我赶紧答道:“是!遵命!保证完成任务!”
女儿这才满意地点点头。小脸上的阴云终于散去,露出了笑容。
挂断视频,想起女儿刚才生气的表情,我还是忍不住笑起来。抬头看着窗外挂在山头的月亮,我端起茶水喝了一口,心里忽然被什么东西轻轻拨动了一下。
回味她那道奶声奶气的“命令”,我慢慢反应过来:女儿在意的,不是我陪她去游乐场的次数,也不是我给她买了多少玩具,而是我穿军装的照片里,没有她。
我这才想起来,女儿从未亲眼见过爸爸穿军装的样子。因为高原的特殊环境,她没有来过我所在的部队。而我每次休假回家,为了方便,也从来没有带过军装。那些笔挺的礼服、常服、作业服,都整整齐齐地挂在宿舍的衣柜里,和我这个人一样,大部分时间都在她的成长里缺席。
她会不会在幼儿园里,看着别的小朋友的爸爸穿着制服来接送,心里悄悄想:我爸爸也有那样的衣服,可是我从来没见他穿过。她想成为爸爸军装照里的一部分,是想证明爸爸虽然常常不在身边,但爸爸的荣耀里,也有她的一份?还是她只是觉得,爸爸穿那身衣服很好看,她想和最好看的爸爸站在一起?
我不知道答案。但我知道,我欠她一张照片。
今年休假,我没有像往常一样轻装简行。出发前,我特意将那套蓝色的空军礼服从衣柜取出,熨烫平整,连同帽子、领带、皮鞋、肩章、勋表、绶带,一样不少地装进了行李箱。妻子在电话里听我说要带军装回家,沉默了两秒,然后轻轻说了句:“好,我来找照相馆。”

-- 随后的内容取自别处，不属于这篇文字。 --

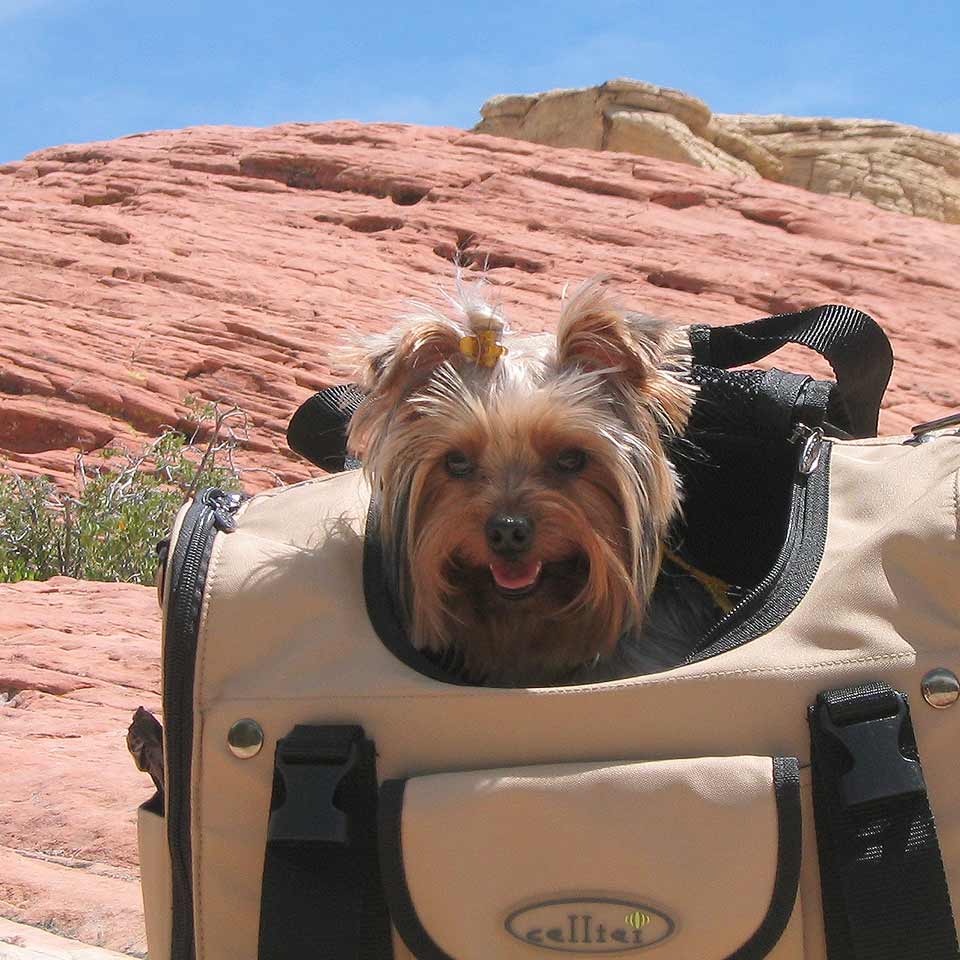 Backing a Yorkie for a hike using Celltei Pet Carrier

回家那天,我刚下飞机打开手机,女儿的好几条语音留言就跳了出来:“爸爸你到哪了”“爸爸你怎么还没到家呀?我都等不及了”……我拖着行李箱回到小区,走进电梯按下楼层按钮。电梯门打开的一瞬,我看到早已在电梯口等候的妻女。女儿见到我,先是一愣,然后像一只欢快的小鸟一样扑了过来。我蹲下身,把她抱了个满怀。
回到家,我打开箱子,将礼服小心翼翼地取出来,在她面前展开。深蓝色的面料在灯光下泛着柔和的光泽,金色的绶带和纽扣、胸前的资历章,都擦得锃亮。

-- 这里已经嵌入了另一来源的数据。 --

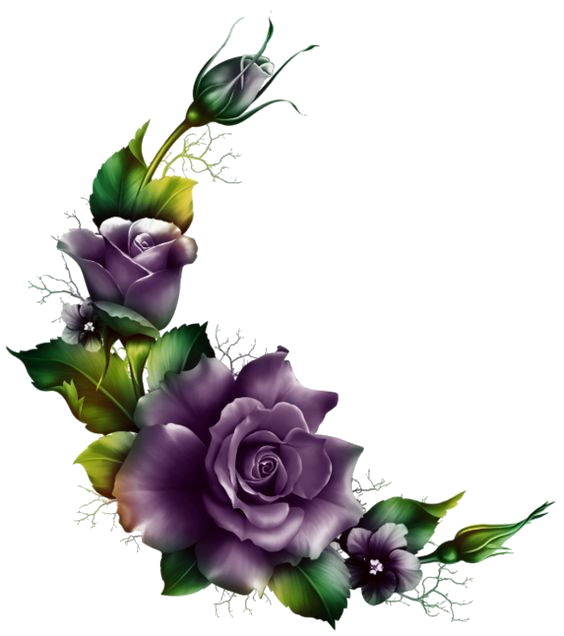 purple roses cutout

女儿睁大了眼睛,伸出小手轻轻摸了摸那排纽扣,然后小心翼翼地将大檐帽戴在自己头上,跑到镜子前哈哈大笑。
去照相馆那天,妻子和女儿穿着早就选购好的亲子旗袍,照相馆的化妆师给她们化了淡妆。我穿上空军礼服,对着镜子整理好细节。
摄影师是个年轻人,很会逗孩子。他让女儿坐在我腿上,然后举起相机喊:“爸爸帅不帅?”
女儿用力点了点头,对着镜头露出了一个大大的笑容,那笑容里全是满足和骄傲。摄影师连拍了好几张,然后竖起大拇指:“太棒了,小姑娘笑得真甜!”
照片拍完后,我将电子版全部打印出来,又去文具店买了一本厚厚的相册。回到家里,我们一家三口围坐在茶几旁,把新拍的全家福一张张放进去。女儿用小手拿着照片小心翼翼地往相册口袋里塞,生怕折了角。
那天晚上,女儿抱着那本相册睡着了。我轻轻从她怀里抽出相册,放在床头柜上,替她掖好被角。月光透过窗帘的缝隙洒进来,落在她安安静静的小脸上。
我忽然明白,这些照片让女儿感受到,之前只在妈妈口中听过的爸爸的军人形象,不再模糊,而是真正出现在她的生活里。
爸爸答应你,以后会陪你拍更多的照片,陪伴你成长。